Lyme Disease Diagnosis and Treatment Mandate Form
Please answer all questions to determine coverage (0 of 2)
500 EXCHANGE STREET, P ROVIDENCE, RI 02903-2699
MEDICAL COVERAGE POLICY | 1
(401) 274-4848 WWW.BCBSRI.COM
EFFECTIVE DATE: 06|01|2024
POLICY LAST REVIEWED: 01|22|2025
OVERVIEW
This policy documents the state-mandated coverage guidelines for certain Lyme disease treatments (Rhode
Island General Law 27-20-48).
MEDICAL CRITERIA
Not applicable
PRIOR AUTHORIZATION
Not applicable
Note: Laboratories are not allowed to obtain clinical authorization or participate in the authorization process
on behalf of the ordering physician. Only the ordering physician shall be involved in the authorization, appeal
or other administrative processes related to prior authorization/medical necessity.
In no circumstance shall a laboratory or a physician/provider use a representative of a laboratory or anyone
with a relationship to a laboratory and/or a third party to obtain authorization on behalf of the ordering
physician, to facilitate any portion of the authorization process or any subsequent appeal of a claim where the
authorization process was not followed and/or a denial for clinical appropriateness was issued, including any
element of the preparation of necessary documentation of clinical appropriateness. If a laboratory or a third
party is found to be supporting any portion of the authorization process, BCBSRI will deem the action a
violation of this policy and severe action will be taken up to and including termination from the BCBSRI
provider network. If a laboratory provides a laboratory service that has not been authorized, the service will
be denied as the financial liability of the participating laboratory and may not be billed to the member.
POLICY STATEMENT
Medicare Advantage Plans and Commercial Products
In accordance with Rhode Island General Law § 27-20-48, coverage is provided for diagnostic testing and
long-term antibiotic treatment of chronic Lyme disease.

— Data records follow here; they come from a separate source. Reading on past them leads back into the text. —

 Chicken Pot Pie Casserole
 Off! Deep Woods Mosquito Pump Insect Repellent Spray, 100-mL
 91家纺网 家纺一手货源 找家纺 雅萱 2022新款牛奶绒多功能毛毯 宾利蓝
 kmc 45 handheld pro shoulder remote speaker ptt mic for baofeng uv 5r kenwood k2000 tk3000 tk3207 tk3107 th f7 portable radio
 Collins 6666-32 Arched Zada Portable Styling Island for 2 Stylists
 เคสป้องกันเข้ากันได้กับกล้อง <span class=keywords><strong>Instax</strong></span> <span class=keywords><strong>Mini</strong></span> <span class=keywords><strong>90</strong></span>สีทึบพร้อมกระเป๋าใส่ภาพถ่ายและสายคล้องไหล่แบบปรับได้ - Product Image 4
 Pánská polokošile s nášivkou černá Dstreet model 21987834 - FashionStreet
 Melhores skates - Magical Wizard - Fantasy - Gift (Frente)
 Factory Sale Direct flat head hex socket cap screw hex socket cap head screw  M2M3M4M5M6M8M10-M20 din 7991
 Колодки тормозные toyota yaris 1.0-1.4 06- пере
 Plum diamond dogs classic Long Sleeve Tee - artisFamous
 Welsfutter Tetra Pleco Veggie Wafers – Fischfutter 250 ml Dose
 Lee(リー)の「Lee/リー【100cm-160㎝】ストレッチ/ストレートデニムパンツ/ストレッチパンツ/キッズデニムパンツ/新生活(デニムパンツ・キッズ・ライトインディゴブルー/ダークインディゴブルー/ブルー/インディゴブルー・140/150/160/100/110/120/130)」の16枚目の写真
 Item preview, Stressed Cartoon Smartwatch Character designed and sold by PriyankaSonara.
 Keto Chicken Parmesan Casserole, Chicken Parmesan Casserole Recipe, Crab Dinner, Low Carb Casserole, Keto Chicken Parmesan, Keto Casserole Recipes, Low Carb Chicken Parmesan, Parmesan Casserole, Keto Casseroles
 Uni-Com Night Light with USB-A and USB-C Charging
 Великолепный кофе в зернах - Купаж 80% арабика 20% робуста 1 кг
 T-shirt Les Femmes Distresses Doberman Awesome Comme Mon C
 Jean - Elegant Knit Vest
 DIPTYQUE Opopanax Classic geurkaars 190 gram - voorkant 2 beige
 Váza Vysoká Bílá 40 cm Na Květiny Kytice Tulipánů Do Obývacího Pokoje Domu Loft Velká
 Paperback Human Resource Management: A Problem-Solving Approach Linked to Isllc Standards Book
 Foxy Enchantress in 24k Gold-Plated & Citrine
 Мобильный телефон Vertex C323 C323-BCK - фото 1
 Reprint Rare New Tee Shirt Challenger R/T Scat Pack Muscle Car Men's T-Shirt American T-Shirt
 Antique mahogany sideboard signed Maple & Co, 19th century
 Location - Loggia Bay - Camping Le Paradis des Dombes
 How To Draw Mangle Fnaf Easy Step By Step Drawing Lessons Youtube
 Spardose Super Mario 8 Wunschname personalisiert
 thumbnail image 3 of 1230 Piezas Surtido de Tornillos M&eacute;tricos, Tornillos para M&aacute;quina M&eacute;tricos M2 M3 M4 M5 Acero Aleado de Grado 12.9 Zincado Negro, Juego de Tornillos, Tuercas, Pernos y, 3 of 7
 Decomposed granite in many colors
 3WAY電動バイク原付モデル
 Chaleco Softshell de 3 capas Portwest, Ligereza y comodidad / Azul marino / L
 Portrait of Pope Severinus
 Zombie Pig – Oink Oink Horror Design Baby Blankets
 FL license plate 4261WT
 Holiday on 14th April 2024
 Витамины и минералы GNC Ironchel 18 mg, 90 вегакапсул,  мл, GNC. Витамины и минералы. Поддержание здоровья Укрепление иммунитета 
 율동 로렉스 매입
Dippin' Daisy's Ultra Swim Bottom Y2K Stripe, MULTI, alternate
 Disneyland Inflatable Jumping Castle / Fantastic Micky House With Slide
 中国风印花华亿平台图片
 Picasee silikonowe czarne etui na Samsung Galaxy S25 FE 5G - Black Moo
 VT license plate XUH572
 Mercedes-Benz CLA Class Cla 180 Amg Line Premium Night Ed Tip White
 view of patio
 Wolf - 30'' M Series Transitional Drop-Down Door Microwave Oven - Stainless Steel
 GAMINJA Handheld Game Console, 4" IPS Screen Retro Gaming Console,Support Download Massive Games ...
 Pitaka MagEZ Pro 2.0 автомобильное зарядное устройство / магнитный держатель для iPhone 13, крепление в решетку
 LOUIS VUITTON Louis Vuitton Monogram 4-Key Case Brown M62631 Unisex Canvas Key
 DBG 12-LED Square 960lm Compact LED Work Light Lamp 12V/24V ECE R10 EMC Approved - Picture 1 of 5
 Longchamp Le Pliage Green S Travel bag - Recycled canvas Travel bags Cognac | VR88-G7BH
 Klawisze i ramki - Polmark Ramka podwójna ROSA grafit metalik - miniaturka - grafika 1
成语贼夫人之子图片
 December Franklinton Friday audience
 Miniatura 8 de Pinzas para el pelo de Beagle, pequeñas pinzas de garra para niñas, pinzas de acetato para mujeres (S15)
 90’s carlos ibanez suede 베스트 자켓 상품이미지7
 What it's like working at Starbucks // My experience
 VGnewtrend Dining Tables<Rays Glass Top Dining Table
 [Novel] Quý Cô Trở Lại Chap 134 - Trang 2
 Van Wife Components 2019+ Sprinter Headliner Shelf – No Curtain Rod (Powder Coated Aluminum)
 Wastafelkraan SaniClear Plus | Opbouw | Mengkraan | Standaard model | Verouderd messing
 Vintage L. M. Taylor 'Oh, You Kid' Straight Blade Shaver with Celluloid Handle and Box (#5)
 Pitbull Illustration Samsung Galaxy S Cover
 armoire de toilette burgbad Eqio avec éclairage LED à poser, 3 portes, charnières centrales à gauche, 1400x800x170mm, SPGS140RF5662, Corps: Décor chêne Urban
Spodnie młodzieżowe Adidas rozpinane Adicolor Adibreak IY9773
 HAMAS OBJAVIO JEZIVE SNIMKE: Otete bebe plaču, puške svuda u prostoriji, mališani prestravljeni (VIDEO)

To qualify for payment, services must be ordered by a physician or other qualified healthcare
professional after evaluation of symptoms, diagnostic test results, and response to treatment. Benefit payment
for Lyme disease treatment will not be denied solely because such treatment may be characterized as
unproven, experimental, or investigational.
Commercial Products
Some genetic testing services are not covered and a contract exclusion for any self-funded group that has
excluded the expanded coverage of biomarker testing related to the state mandate, R.I.G.L. §27-19-
81 described in the Biomarker Testing Mandate policy. For these groups, a list of which genetic testing
services are covered with prior authorization, are not medically necessary or are not covered because they are
a contract exclusion can be found in the Coding section of the Genetic Testing Services or Proprietary
Laboratory Analyses policies. Please refer to the appropriate Benefit Booklet to determine whether the
member’s plan has customized benefit coverage. Please refer to the list of Related Policies for more
information.
COVERAGE
Medical Coverage Policy | Lyme Disease
Diagnosis and Treatment Mandate
500 EXCHANGE STREET, P ROVIDENCE, RI 02903-2699 MEDICAL COVERAGE POLICY | 2 (401) 274-4848 WWW.BCBSRI.COM
Benefits may vary between groups/contracts. Please refer to the appropriate Benefit Booklet, Evidence of Coverage, or Subscriber Agreement for applicable benefits/coverage.
Although Rhode Island-mandated benefits generally do not apply to Plan 65, FEHBP, and Medicare Advantage Plans, Blue Cross & Blue Shield of Rhode Island follows this mandate for all products. Self- funded groups may or may not choose to follow state mandates.
BACKGROUND This policy documents the Rhode Island General Law (RIGL) 27-20-48 for certain Lyme disease treatments.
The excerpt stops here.